He made the remark commenting on the ECHR’s decision on the "Makuchyan and Minasyan v. Azerbaijan and Hungary" case.

Asgarov said that relatives of officers who participated in those events in Budapest filed a complaint in ECHR against Azerbaijan and Hungary.

"Azerbaijani and Hungarian governments participated in this process as defendants. This process has been going on for quite some time, and this decision was expected, because earlier the ECHR adopted key decisions on Articles 2 and 14 of the European Convention, which provide for the right to life and the prohibition of discrimination. In essence, the ECHR made a ruling based on its case law," Asgarov said.

"However, I fundamentally disagree with the interpretation of the decision by Armenia. This has to do with violation of the material aspect of the right to life,” he said.

“In order to assess the ECHR’s decision, the attention should be paid to the particular opinion of Paulo Pinto de Albuquerque, the judge representing Portugal in the ECHR. If to consider his particular opinion, it can be seen what Armenia wanted from the ECHR’s decision—they desired to achieve recognition of the international legal responsibility of Azerbaijan on the issue of the material aspect of the right to life,” Asgarov added.

“The second defendant in the case was Hungary, whose authorities extradited Ramil Safarov to Baku, but the ECHR found no violations in actions of Budapest. In other words, Ramil Safarov was legally extradited by the Hungarian government to Azerbaijan, and Azerbaijan actually accepted him in accordance with the provisions of the European Convention. This is the main thing to consider in the ECHR’s decision," he said.

Asgarov went on to say that the most interesting are the closing comments of the Portuguese judge. "He believes that justice for the victims will be restored and that this case will be referred to the ECHR’s Grand Chamber and the court will find all the "desired" violations of the European Convention. This particular opinion of the judge cannot be called impartial,” he said.

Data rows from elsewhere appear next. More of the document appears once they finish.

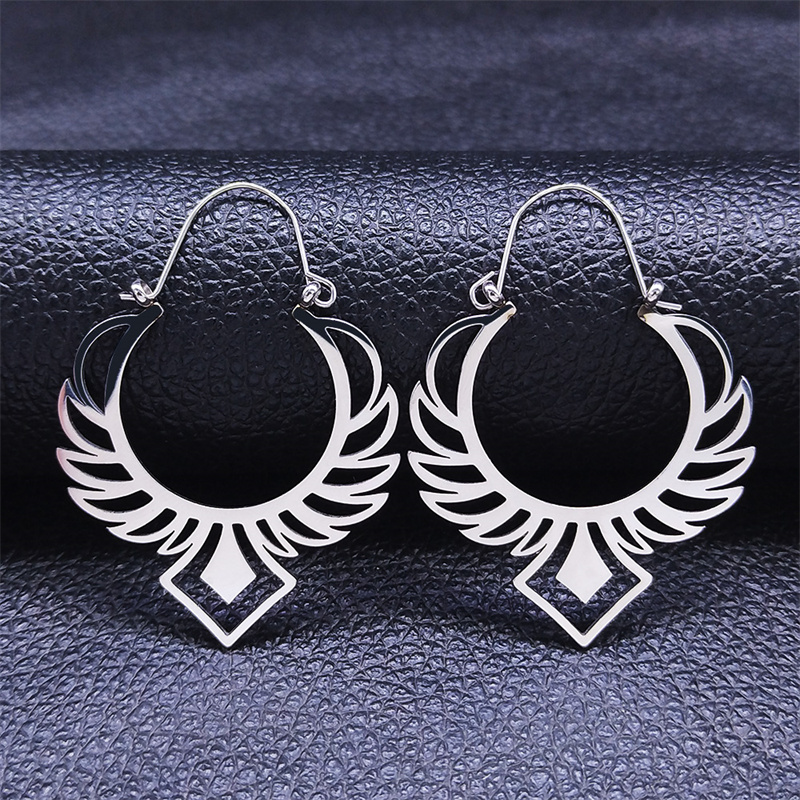 Pendientes de flor de loto de Yoga a la , pendientes de aro de acero inoxidable de Color dorado para mujer, joyería boucles d'oreilles E9360S01: Azul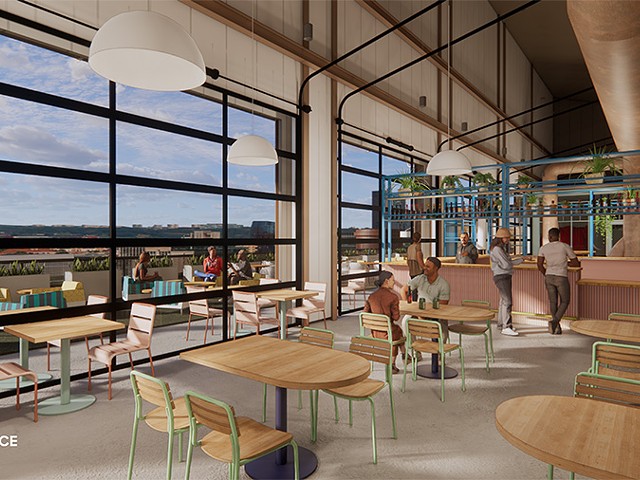 A rendering shows the view of Expat BBQ's future terrace at City Foundry STL.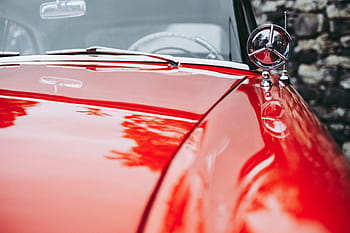 výstřel, starý, klasický, auto, detailní, klasické auto, rozličný, Červené, staromódní, retro stylu, Historické auto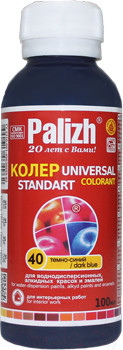 Изображение товара Колеровочная паста Palizh Standart №40 универсальная (140г, темно-синий)
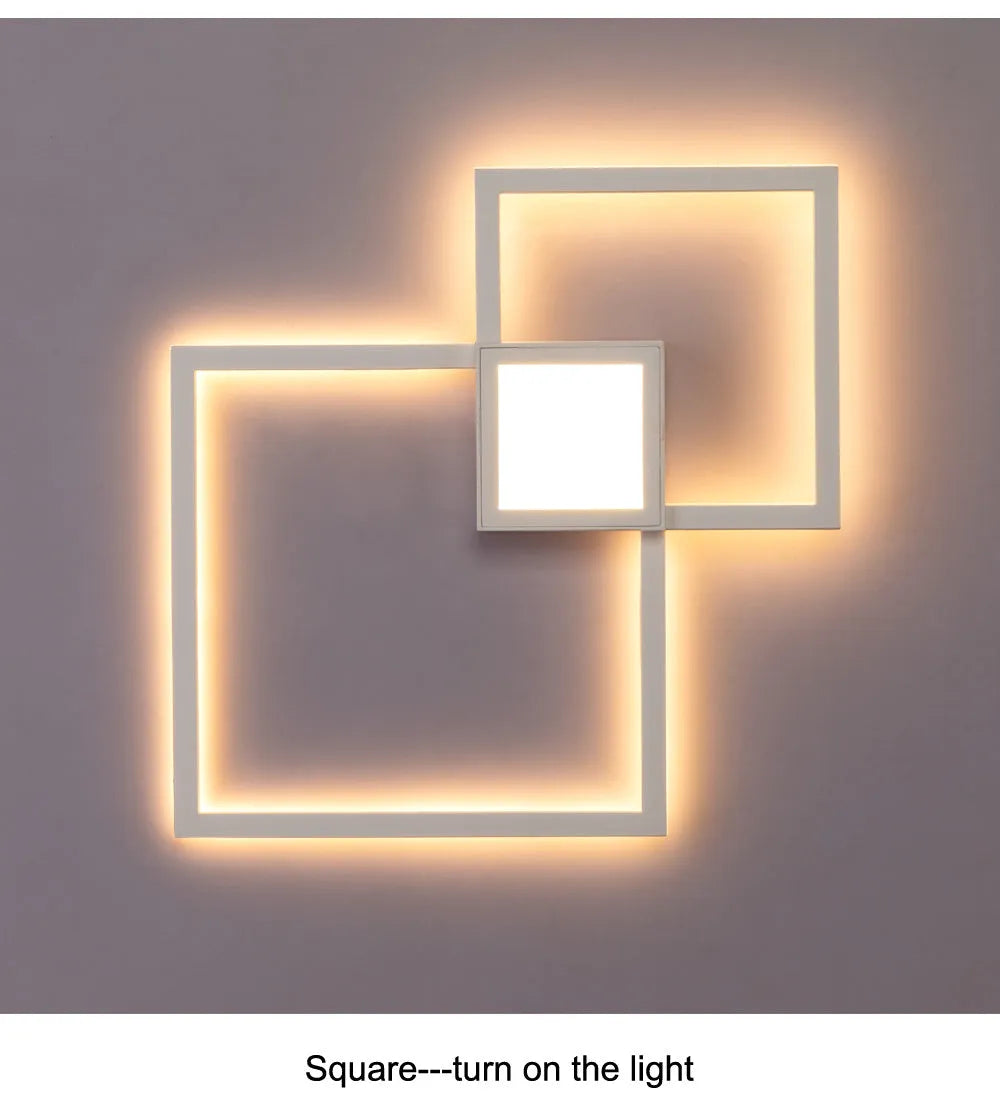 Geometric line LED wall lamp square 353mm iron acrylic white finish wall mounted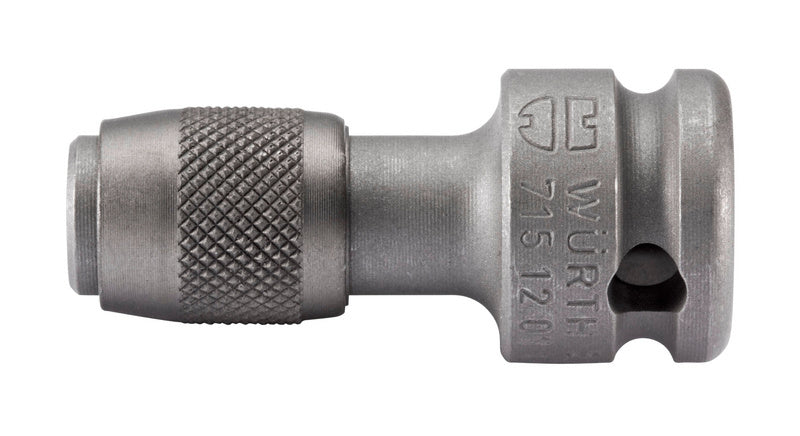 Adapter 3/8 Zoll mit 4-Kant Aufnahme in silberner Metallausführung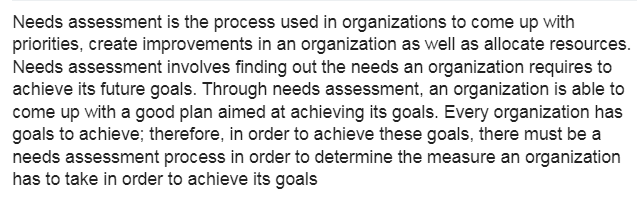 Defining Needs Assessment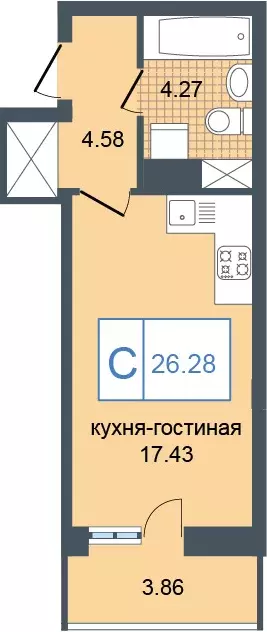 Продаётся квартира-студия, 26.28 м - Фото 1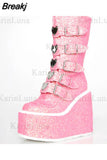 Design Gothic Boots INS Hot Great Quality Fashion Cool Motorcycle Boots Big Size 43 Wedges Heart Platform Mid-Calf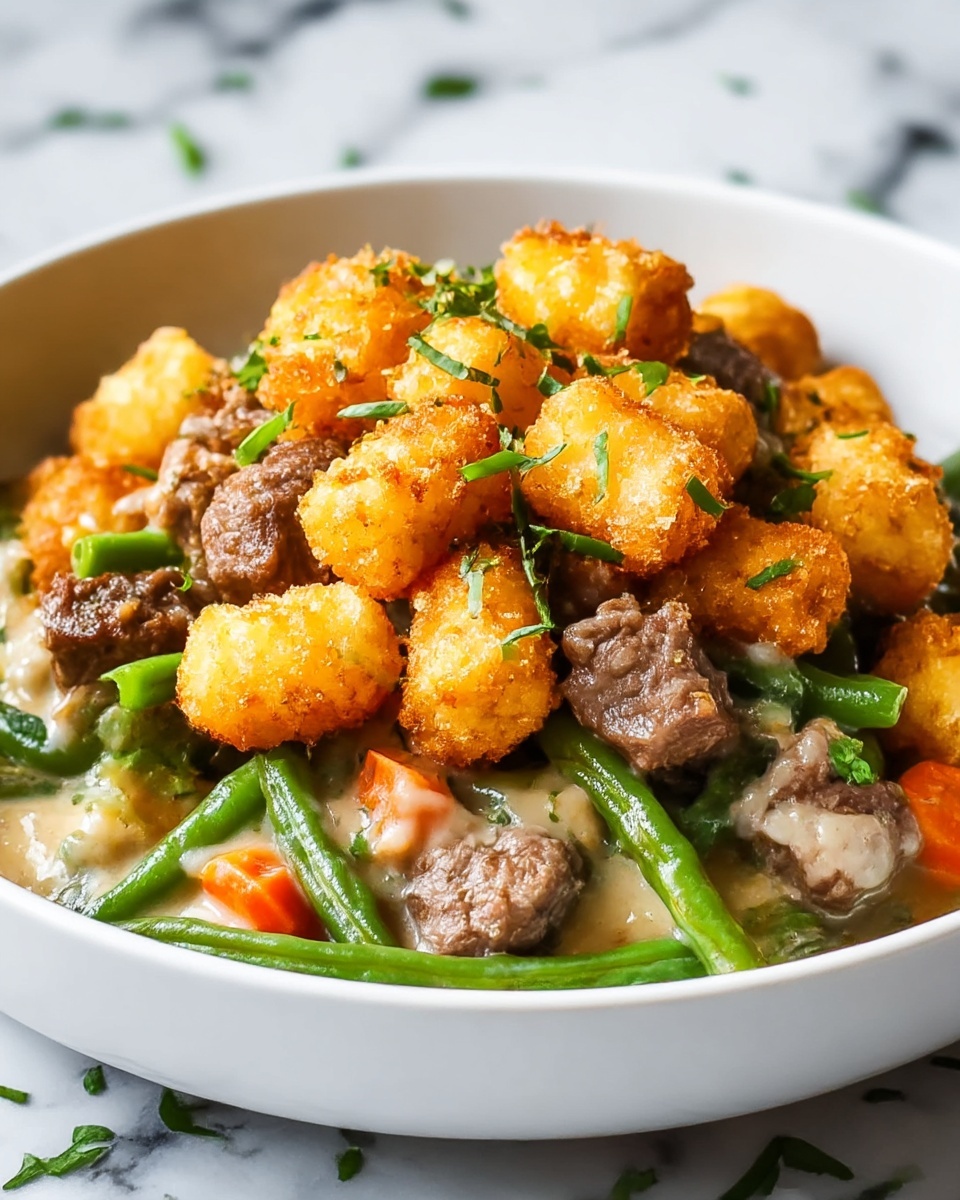 Green Bean Casserole with Tater Tots: Irresistibly Cozy Recipe - Recipe Image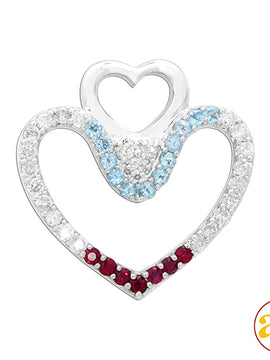 10KW 1.25CTW DIAMOND HEART PENDANT WITH TOPAZ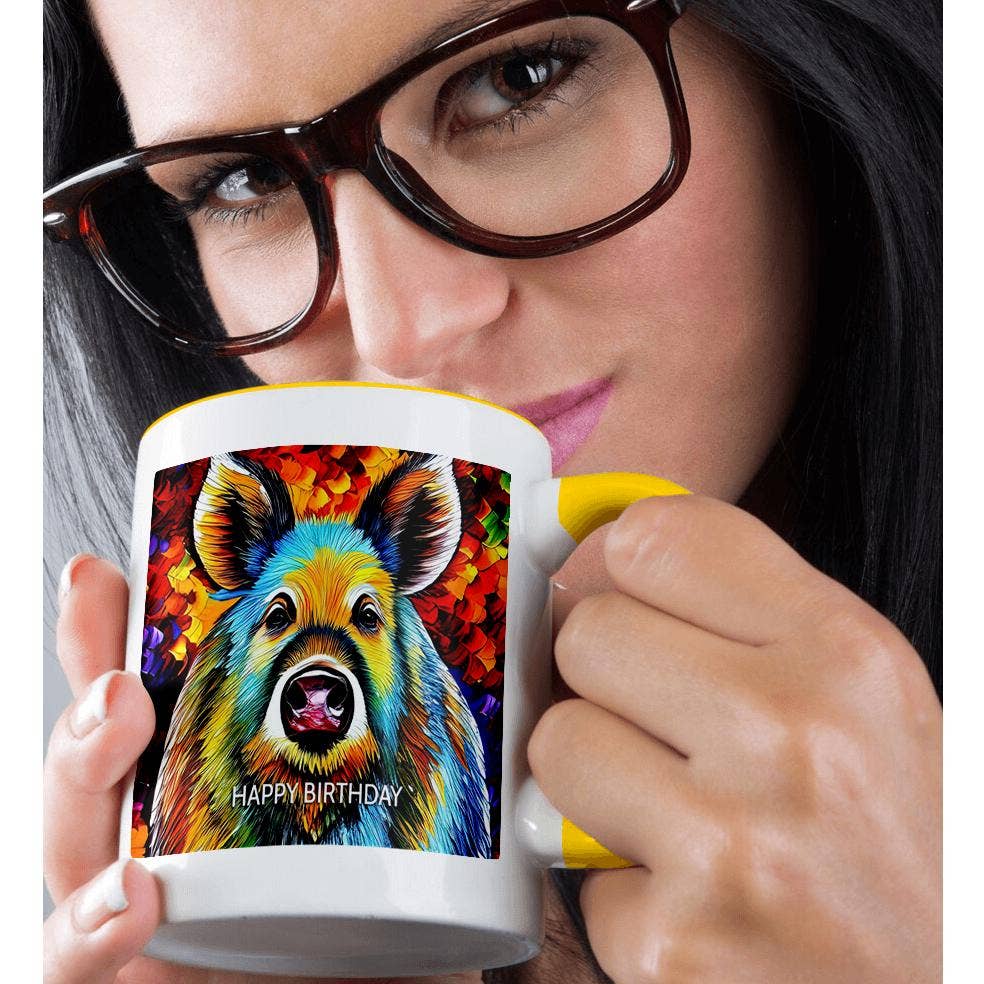 3dRose - Wholesale Coffee Mug - 3dRose, Happy Birthday. Colorful digital painting of wild boar. Funny card, Mug1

Asgarov believes it is yet early to talk about the steps to be further taken by Azerbaijan's government. "The decision was only published on May 26 and Azerbaijan has three months to consider transferring the case to the Grand Chamber, and this decision, from the point of view of general measures, does not impose any obligations on Azerbaijan. There are only individual measures, which mean that Azerbaijan's government will pay the legal fees to the applicants, meaning, the work of their lawyers. No compensation, including for pecuniary nor non-pecuniary damage, is noted in the decision. So for now, it is hard to say if there are any further actions on appealing the decision of the ECHR," he said.

As for any possible involvement of lobbyists in the case, Chingiz Asgarov stated as follows: “I have no idea whether it is the work of the Armenian lobby or the Armenian government, but the applicant is defended by the very people who usually stand on the side of Armenia in complaints against Azerbaijan - the British lawyers. In the future, of course, Armenia will lobby for this decision in order to somehow use it against Azerbaijan in different European political structures. But in any case, this decision does not impose any international legal obligations on Azerbaijan.”

As reported earlier, Ramil Safarov, a lieutenant in the Azerbaijani military, was extradited on August 31, 2012, from Hungary, where he was serving a life sentence—and with no expression of either regret or remorse—for the premeditated axe murder of Armenian lieutenant Gurgen Margaryan, in his sleep, during a NATO Partnership for Peace program in Budapest back in 2004.

As expected, Ramil Safarov’s return to Baku was welcomed, as was his act of murder, by the officials of president Ilham Aliyev’s government and much of Azerbaijani society, and the Azerbaijani president immediately granted him a pardon.